And now that the dust is settling, I’m realizing this — this right here — is hygge, this day, this now’ness. This is the permission — nay, the command — to slow down.
to brew the hot cuppa tea, leisurely stirring in a drizzle of honey and a splash of milk
to feel the pleasure of a book’s pages on the tips of my fingers
to lounge on the lanai, feet soaking in the (not-quite-yet-warm-enough-but-almost-warm-enough) pool, listening to the crows in the trees overhead
to make well-planned family meals from whole ingredients, and to savor the taste of every shared mouthful
to dust off boardgames and enjoy the thrill of rolling dice, the trilling of familial laughter
to bake brownies from scratch, inhale the rich aroma, and wash the sticky-sweetness down with a glass of cold milk
to cast on 194 stitches and feel the wool yarn slipping along cool knitting needles
to sleep a little later in the mornings and not dash around to get everyone where they’re supposed to be
to linger just a little longer over lunch, enjoying a second cup of coffee or an extra glass of ice water
to catch up on T.V. shows that until now you’ve only read about in Facebook posts written by your peers
to feel the sunshine on your face and the warming breeze on your skin
It’s delicious, this Life thing. It’s a miraculous wonder.

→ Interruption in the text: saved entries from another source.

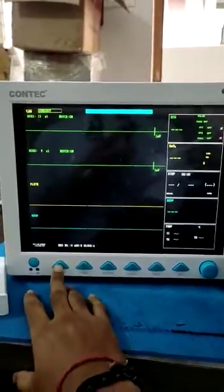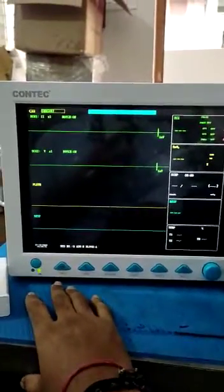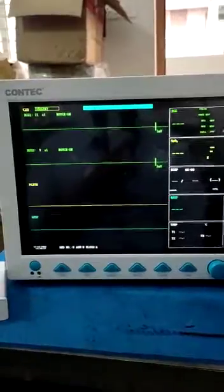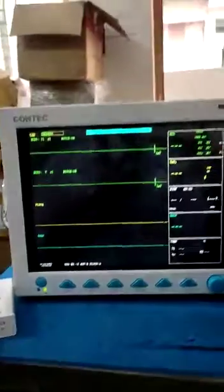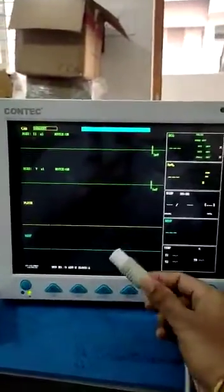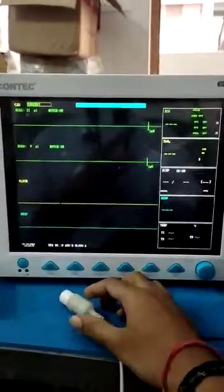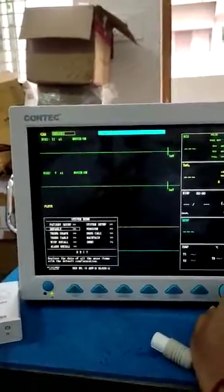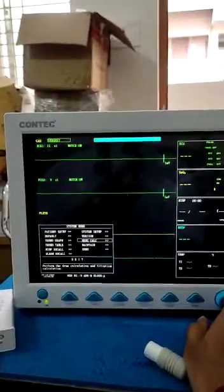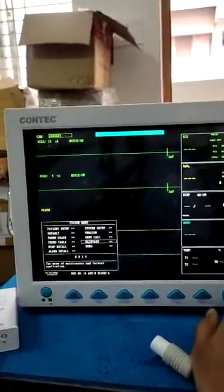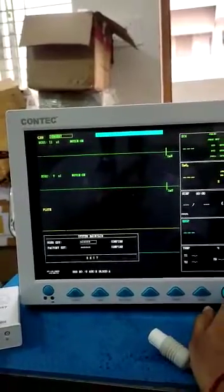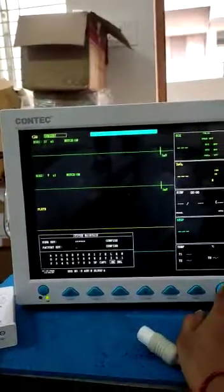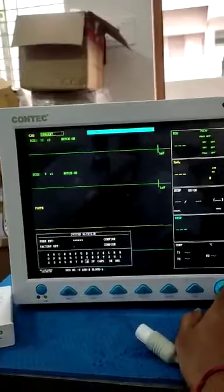This is our CMS 8000 monitor. I will show you how to connect the EtCO2 module. Go to the Menu, then go to Maintenance. This is a five-parameter device, and for seven parameters we have to activate the EtCO2 module.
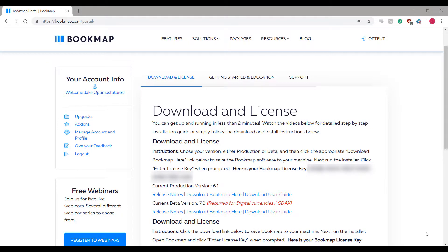Hi this is Jake from Optimus Futures and in this video I'll be showing you how to download, initialize, and set up the Bookmap platform.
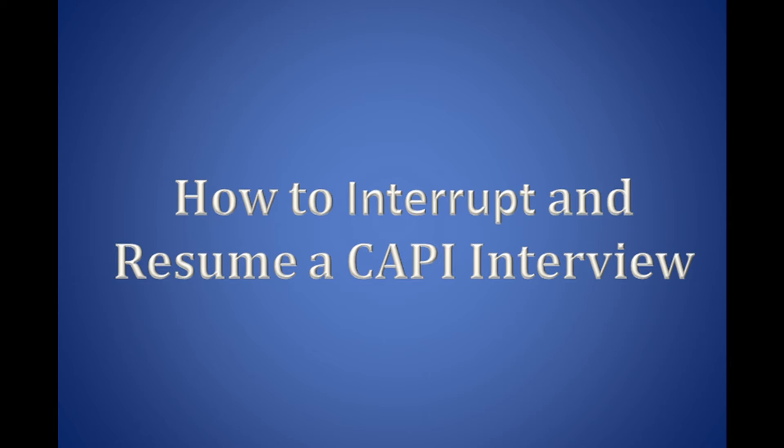This QDS training video will start a CAPI survey, demonstrate how to interrupt and resume an interview, and then see how the interrupted and resumed data is represented in the warehouse manager. You may occasionally need to interrupt an interview if the respondent is unable to complete the full survey in one sitting, or in some cases you may also need to resume and complete that interview at a later time.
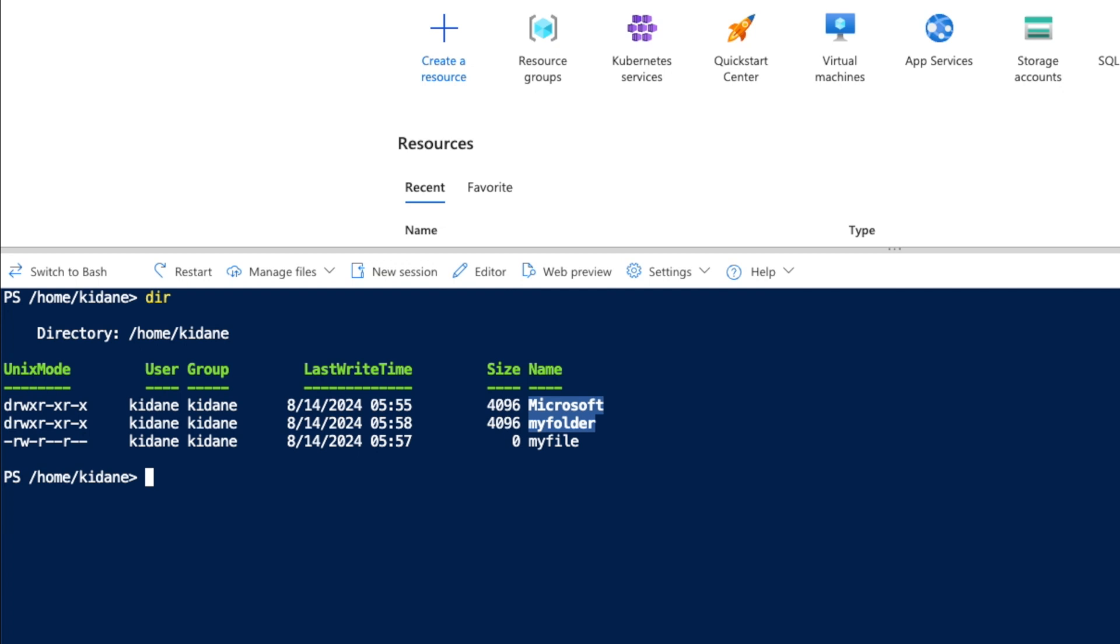So if you say dir, that will give you the list of the contents inside the given folder. So since we are in this folder, it's also showing you the directory. I'm saying folder because I work on Linux or Mac platforms most of the time.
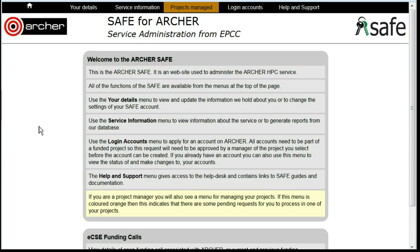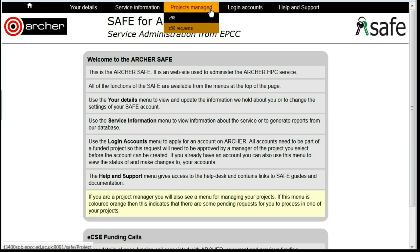Approving a new member joining your project. As a PI or project manager, you may sometimes see that your project managed bar at the top of your save screen has been highlighted. This indicates that someone has applied to join the project.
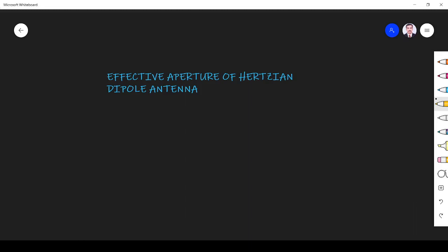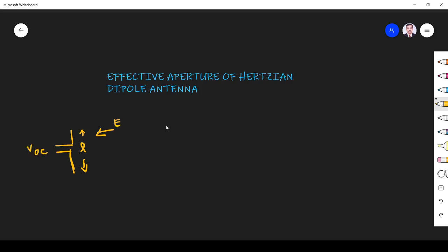Welcome to the session on effective aperture of the Hertzian dipole antenna. Here we derive the effective aperture equation for the Hertzian dipole antenna. Let us assume this is our antenna with length l. The electric field incident on the antenna is E, and the wave incident on the antenna gives us the open circuit voltage.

I know we won’t forever be in quarantine. I know the “curve” will “flatten”, and we will return to our lives of hustle and bustle, of business and action — and sincerely, those times of productivity and purpose are every bit a part of the aforementioned miraculous wonder.
But my sincerest prayer is, once we return to what we were, we take with us a bit of what we are, now. With feet planted firmly in this present darkness, I hope we intentionally embrace the light, and carry it with us into tomorrow.
I know that’s what I plan to do. How about you?